Tour start at the end of August despite a ban on events, date collisions en masse: The cycling calendar of the UCI, which has been adapted due to the pandemic, is bursting at the seams – and due to the unpredictable corona development it is standing on extremely shaky ground anyway.

If the UCI has its way, the Tour de France is to start in Nice on 29 August and end in Paris on 20 September, as is traditional. Although France does not allow events with more than 5000 participants until at least September.

This would at least have an impact on the start of the world’s most important cycling race, the staging of which is vital for the survival of professional cycling.

Even a tour without spectators would probably be affected by the ban in view of the people involved in this mega-event, which involves a mad amount of organisation. Moreover, the powerful tour boss Christian Prudhomme is a clear opponent of a ghost tour.

Apart from the Big Loop, the World Tour teams will have to deal with a huge amount of organizational effort. The decision about which driver should take part in which national tour and which classics is likely to be more difficult than ever before for those responsible.

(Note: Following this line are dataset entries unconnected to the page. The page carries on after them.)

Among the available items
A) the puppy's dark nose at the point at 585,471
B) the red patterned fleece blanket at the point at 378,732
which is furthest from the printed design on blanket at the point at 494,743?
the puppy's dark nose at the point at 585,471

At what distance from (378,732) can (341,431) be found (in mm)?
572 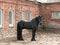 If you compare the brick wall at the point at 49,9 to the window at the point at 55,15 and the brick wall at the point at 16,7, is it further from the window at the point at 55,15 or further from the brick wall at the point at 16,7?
the brick wall at the point at 16,7

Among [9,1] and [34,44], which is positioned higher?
[9,1]

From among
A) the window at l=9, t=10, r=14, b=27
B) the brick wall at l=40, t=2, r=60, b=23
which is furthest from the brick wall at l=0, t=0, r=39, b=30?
the brick wall at l=40, t=2, r=60, b=23

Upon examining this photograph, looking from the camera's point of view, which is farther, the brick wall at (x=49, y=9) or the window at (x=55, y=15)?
the window at (x=55, y=15)

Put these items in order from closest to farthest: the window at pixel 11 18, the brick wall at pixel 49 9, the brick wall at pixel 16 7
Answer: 1. the brick wall at pixel 16 7
2. the window at pixel 11 18
3. the brick wall at pixel 49 9

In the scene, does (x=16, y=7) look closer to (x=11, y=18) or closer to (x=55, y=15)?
(x=11, y=18)

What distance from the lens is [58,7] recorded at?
27.0 meters

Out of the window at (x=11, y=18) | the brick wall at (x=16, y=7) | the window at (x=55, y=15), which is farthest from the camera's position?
the window at (x=55, y=15)

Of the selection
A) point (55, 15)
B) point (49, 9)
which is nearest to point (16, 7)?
point (49, 9)

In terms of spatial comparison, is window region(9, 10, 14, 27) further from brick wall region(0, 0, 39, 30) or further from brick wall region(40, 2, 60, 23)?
brick wall region(40, 2, 60, 23)

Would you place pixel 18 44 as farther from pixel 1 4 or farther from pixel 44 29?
pixel 44 29

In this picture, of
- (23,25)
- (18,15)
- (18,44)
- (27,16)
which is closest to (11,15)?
(18,15)

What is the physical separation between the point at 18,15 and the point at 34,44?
8.78 metres

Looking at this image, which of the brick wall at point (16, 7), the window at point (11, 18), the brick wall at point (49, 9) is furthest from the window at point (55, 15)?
the window at point (11, 18)

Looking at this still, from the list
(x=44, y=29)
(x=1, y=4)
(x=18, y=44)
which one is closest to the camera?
(x=18, y=44) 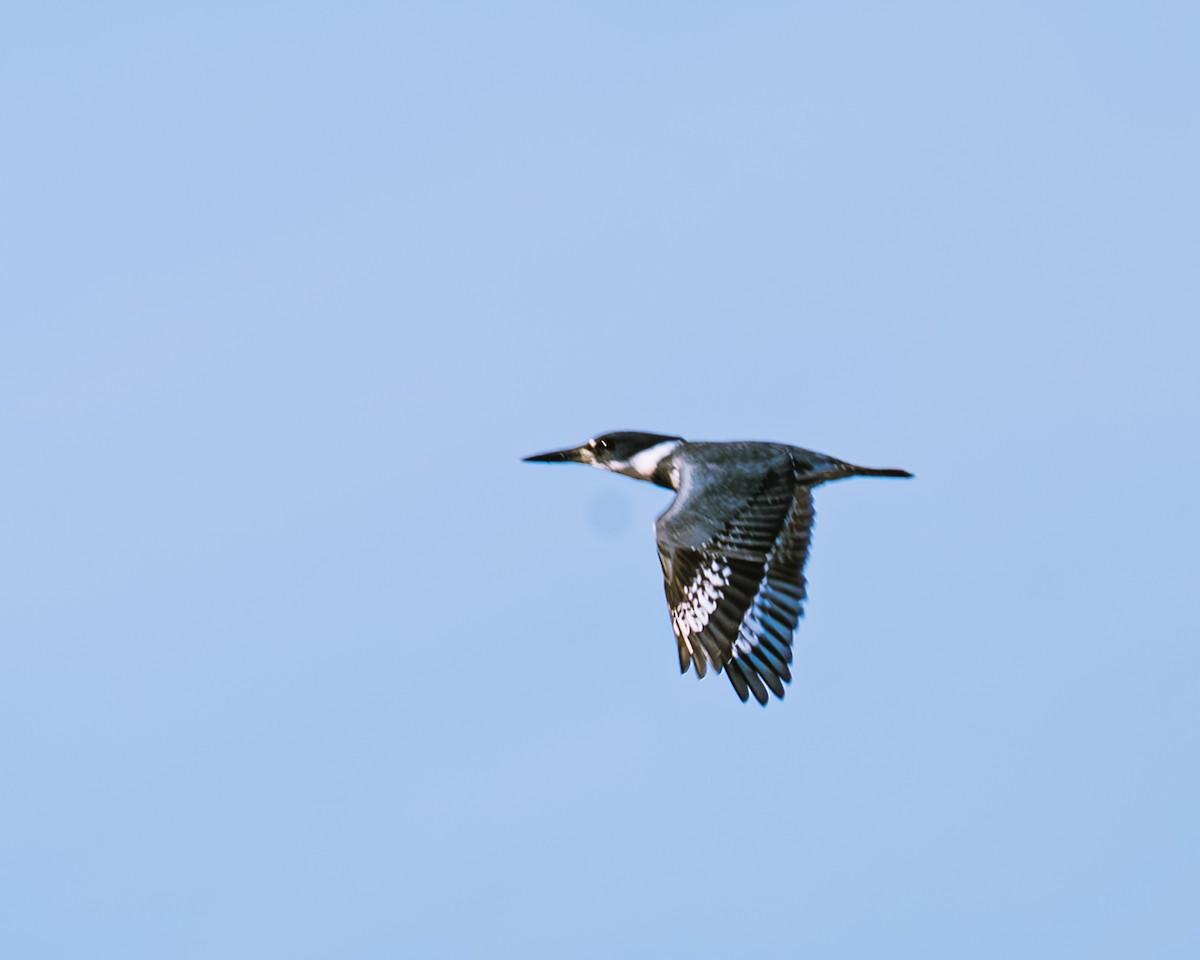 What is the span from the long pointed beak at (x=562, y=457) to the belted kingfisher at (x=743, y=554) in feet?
9.07

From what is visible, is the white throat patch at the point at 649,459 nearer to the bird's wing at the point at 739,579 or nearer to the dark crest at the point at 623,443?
the dark crest at the point at 623,443

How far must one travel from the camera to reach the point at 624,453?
744 inches

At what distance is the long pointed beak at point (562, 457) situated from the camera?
19609mm

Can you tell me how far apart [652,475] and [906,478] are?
2311 mm

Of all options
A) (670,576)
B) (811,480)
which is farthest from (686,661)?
(811,480)

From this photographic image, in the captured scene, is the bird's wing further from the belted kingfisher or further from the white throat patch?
the white throat patch

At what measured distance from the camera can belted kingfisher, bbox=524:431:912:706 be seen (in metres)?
15.6

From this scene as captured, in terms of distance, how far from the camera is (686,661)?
52.1 feet

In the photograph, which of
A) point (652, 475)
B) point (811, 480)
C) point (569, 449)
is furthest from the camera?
point (569, 449)

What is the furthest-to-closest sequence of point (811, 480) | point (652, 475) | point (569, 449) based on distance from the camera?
point (569, 449), point (652, 475), point (811, 480)

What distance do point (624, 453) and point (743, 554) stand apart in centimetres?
321

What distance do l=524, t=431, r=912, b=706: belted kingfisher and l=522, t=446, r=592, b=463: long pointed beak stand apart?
2765 millimetres

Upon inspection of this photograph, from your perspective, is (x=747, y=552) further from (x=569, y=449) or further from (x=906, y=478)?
(x=569, y=449)

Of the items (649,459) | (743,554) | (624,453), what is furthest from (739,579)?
(624,453)
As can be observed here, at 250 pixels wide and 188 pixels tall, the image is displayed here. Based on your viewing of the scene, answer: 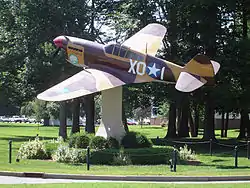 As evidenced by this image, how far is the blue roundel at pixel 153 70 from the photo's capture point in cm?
2403

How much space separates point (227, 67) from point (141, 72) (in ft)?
35.3

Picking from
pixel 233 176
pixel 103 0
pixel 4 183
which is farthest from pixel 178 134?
pixel 4 183

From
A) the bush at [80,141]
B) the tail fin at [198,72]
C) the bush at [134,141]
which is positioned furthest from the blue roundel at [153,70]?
the bush at [80,141]

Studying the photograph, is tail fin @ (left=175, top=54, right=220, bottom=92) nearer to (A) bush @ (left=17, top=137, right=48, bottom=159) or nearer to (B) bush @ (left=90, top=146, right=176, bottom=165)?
(B) bush @ (left=90, top=146, right=176, bottom=165)

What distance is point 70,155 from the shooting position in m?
22.8

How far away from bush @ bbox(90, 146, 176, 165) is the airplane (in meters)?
3.03

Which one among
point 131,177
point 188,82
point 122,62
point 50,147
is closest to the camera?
point 131,177

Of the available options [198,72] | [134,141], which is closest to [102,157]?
[134,141]

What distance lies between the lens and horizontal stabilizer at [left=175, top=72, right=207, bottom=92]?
72.7 ft

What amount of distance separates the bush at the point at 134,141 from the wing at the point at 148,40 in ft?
15.5

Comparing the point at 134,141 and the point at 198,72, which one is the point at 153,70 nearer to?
the point at 198,72

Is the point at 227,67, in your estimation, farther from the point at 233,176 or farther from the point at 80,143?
the point at 233,176

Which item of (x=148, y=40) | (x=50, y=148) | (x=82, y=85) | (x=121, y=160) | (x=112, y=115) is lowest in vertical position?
(x=121, y=160)

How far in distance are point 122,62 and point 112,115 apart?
9.41ft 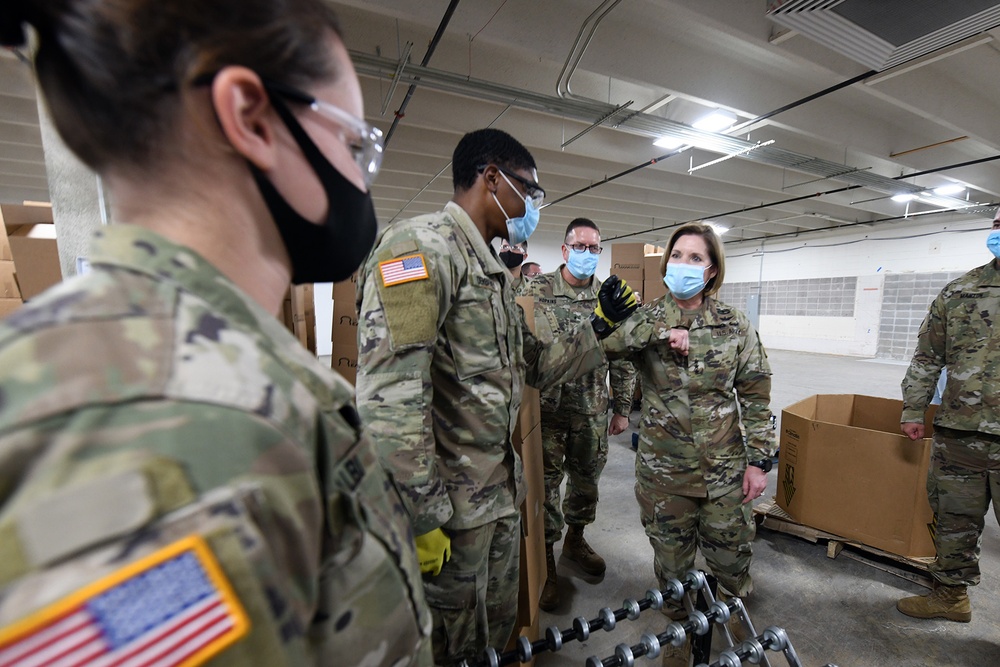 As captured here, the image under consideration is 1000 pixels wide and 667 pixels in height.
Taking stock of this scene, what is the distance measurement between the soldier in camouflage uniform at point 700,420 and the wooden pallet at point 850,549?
1074mm

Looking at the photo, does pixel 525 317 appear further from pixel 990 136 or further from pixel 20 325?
pixel 990 136

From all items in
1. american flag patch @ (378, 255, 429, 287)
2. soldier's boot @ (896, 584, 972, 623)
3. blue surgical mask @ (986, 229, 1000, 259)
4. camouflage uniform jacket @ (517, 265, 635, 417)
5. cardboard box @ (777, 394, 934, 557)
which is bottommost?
soldier's boot @ (896, 584, 972, 623)

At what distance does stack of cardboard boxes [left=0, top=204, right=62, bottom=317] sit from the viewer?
1.91 metres

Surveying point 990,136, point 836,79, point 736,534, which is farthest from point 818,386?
point 736,534

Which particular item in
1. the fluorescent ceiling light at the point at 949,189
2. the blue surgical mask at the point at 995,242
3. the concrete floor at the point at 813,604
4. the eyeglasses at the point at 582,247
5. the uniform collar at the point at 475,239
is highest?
the fluorescent ceiling light at the point at 949,189

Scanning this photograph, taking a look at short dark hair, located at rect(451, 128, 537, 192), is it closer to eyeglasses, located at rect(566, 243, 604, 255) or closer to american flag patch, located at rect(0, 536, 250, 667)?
american flag patch, located at rect(0, 536, 250, 667)

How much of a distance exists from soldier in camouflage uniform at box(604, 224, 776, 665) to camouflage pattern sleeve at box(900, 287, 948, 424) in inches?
41.2

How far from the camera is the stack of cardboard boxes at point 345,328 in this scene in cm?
273

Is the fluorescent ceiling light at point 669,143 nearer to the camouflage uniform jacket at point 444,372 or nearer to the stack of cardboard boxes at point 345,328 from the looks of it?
the stack of cardboard boxes at point 345,328

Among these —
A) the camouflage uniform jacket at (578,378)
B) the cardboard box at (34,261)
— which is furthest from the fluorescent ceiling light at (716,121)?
the cardboard box at (34,261)

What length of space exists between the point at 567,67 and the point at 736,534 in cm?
310

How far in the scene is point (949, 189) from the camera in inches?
258

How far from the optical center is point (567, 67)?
302 cm

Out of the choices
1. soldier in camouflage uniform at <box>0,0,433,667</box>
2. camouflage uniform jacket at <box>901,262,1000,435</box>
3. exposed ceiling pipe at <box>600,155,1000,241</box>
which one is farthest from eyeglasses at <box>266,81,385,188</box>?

Especially in October, the drivers and their teams will feel the concentrated scheduling problems, because: Those who drive the Giro d’Italia will miss three of the spring classics and the Vuelta in Spain, some of which are held in parallel.

French top driver Julian Alaphilippe is nevertheless happy: “Having something official is a great relief in these difficult times. We now have some real goals, races that we know will be held in August, September and October. That motivates us even more.”

Giro and Vuelta with overlap
The Giro, the second major tour of the country, will take place in a shortened form from 3 to 25 October. Despite the shortening, the Giro will then collide with the Vuelta, which will begin on October 20 and end on November 8.

In addition, three “Monuments of Cycling” are planned during the Giro in Liège-Bastogne-Liège (4 October), the Tour of Flanders (14 October) and Paris-Roubaix (25 October), which is scheduled parallel to the Giro Finale.

The Criterium du Dauphine (12 to 16 August), traditional Tour endurance test, will be shortened by three stages to five. The aim is to avoid big cities and instead to cycle to small communities. Milan-Sanremo is scheduled for August 8th, the Tour of Lombardy will run during the Vuelta on October 31st.

The calendar will simply be difficult to keep to. The UCI has generously donated the weekend of 22/23 August – just before the scheduled start of the Tour – for national championships.

No races in Germany until end of August
This would have pulled the plug on the Germany tour planned for 20 to 23 August anyway, but even this is now obsolete: in Germany as well as in Belgium, major sporting events are cancelled until 31 August.

The Hamburg Cyclassics planned for August 16th, but already postponed due to the pandemic, as well as the cancelled German classic Eschborn-Frankfurt have not yet been scheduled by the world federation.